DATA SEGMENT:
☆ ☆ ☆
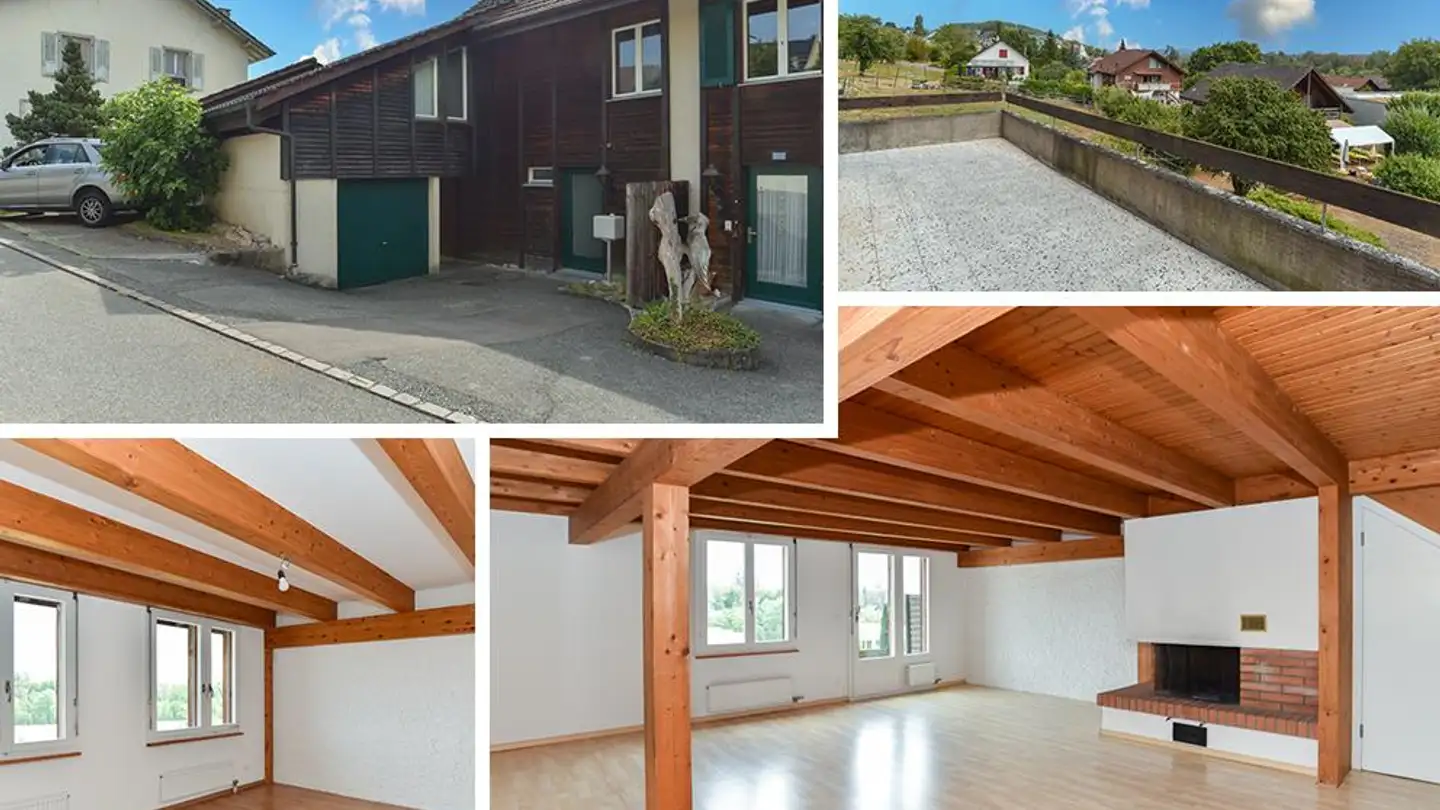 Stepped house for sale - 5105 Auenstein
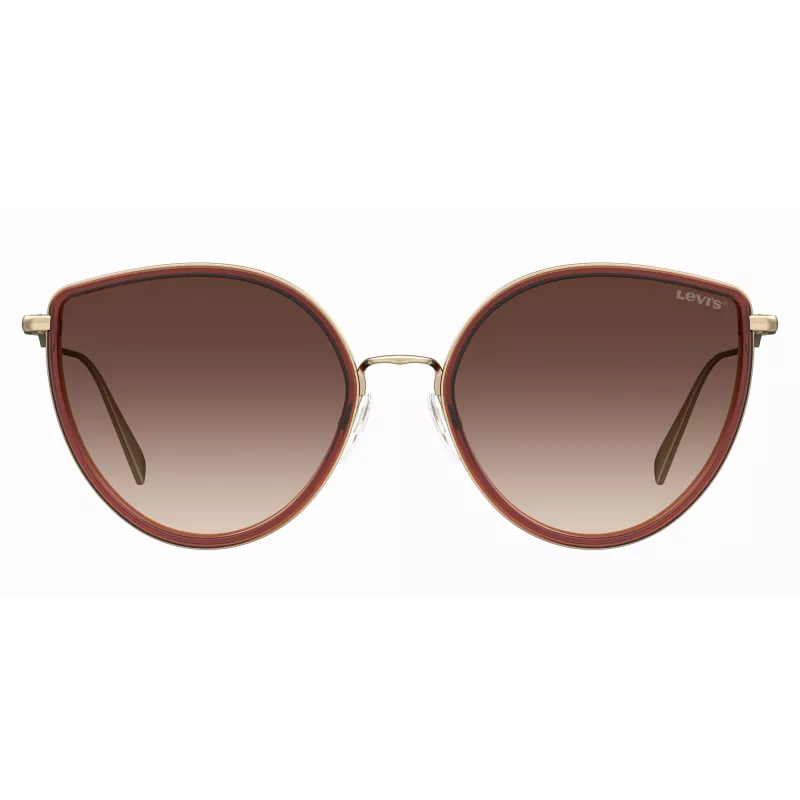 Levi's LV5011S09QF7H Gafas de sol para mujer Havana Acetato Marrón Degradado 56/17/145 mm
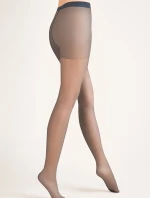 Dámské punčocháče 105 classic graphite - GABRIELLA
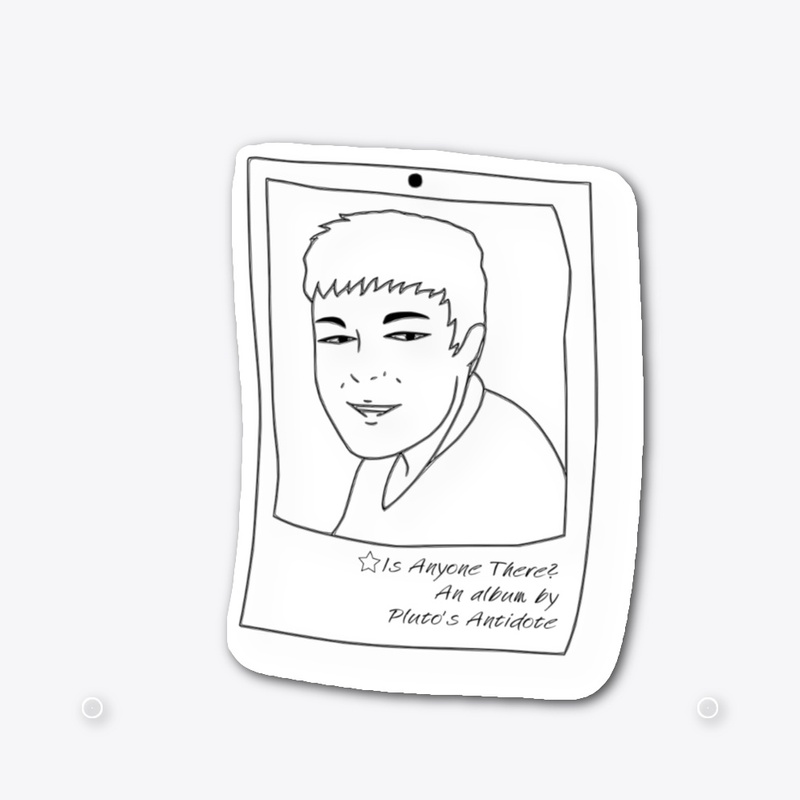 Is Anyone There album merchandise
☆ ☆ ☆
TASK REQUIREMENTS: Without the pictures, retype exactly the lines from the one that holds "Dámské punčocháče 105" to the last line of the data above, both of them included.

SOLUTION TO THE PROBLEM:
 Dámské punčocháče 105 classic graphite - GABRIELLA
 Is Anyone There album merchandise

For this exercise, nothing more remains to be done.